At the same time, PRCC has been adapting with the changes in technology and society to give students access to more online courses, and providing 8-week courses and weekend classes.
“We give them an opportunity they never thought possible,” Breerwood said.
The biggest hurdle to achieve these goals involved working around the statewide budget cuts. While the cuts did cause 19 staff positions to be cut, the focus was on student retention and attracting more students by providing more scholarship opportunities.
Staff also received a 4 percent pay raise, and minimum wage for PRCC jobs was increased from $7.25 to $10 an hour.
Breerwood said that the college expanded career and technology programs, kept tuition affordable and upgraded existing facilities in an effort to attract students.
That work has paid off. He said that enrollment this past spring is up 7.2 percent, and up 14 percent over the past three years, a feat when other colleges in the area such as Jones Community College and Mississippi Gulf Coast Community College have seen enrollment declines.
Online class enrollment is also up. Breerwood said that the college saw a 31 percent increase over the year.

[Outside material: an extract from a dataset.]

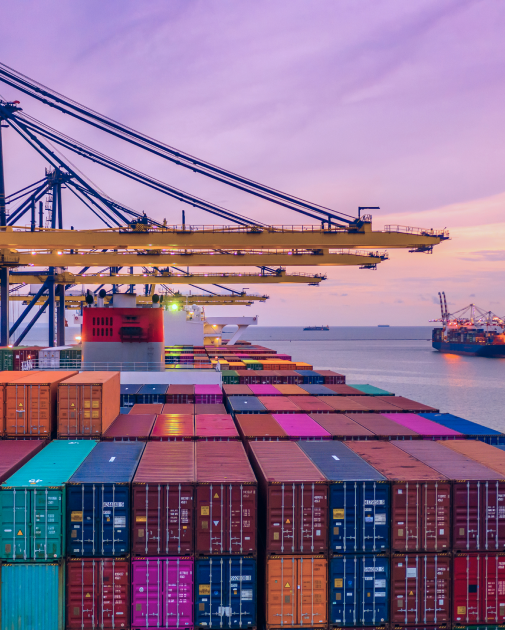 Sizin İçin En Uygun<br> Rotayı Kullanıyoruz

To increase enrollment for students interested in sports, the college added a rodeo program, bass fishing team, women’s cross country and volleyball.
And when it comes to sports, Breerwood said he raised the bar for athletes concerning their grades and conduct. Instead of engaging in recruitment wars for athletes who may bring baggage, the coaching staff has been changed and expectations raised for those students. Breerwood said he mandates that all athletes participate in the college’s Fellowship of Christian Athletes, which breaks down the social barriers between those students and changed the culture on campus. While wins for the various teams were rare the first few years after the changes, last year state championship titles were earned by the men’s baseball, men’s basketball and men’s soccer teams. Those changes also led to an increase in the GPA average of each team, and resulted in 20 football players graduating and signing on to a four-year college last year, compared to only one football player graduating from PRCC three years ago.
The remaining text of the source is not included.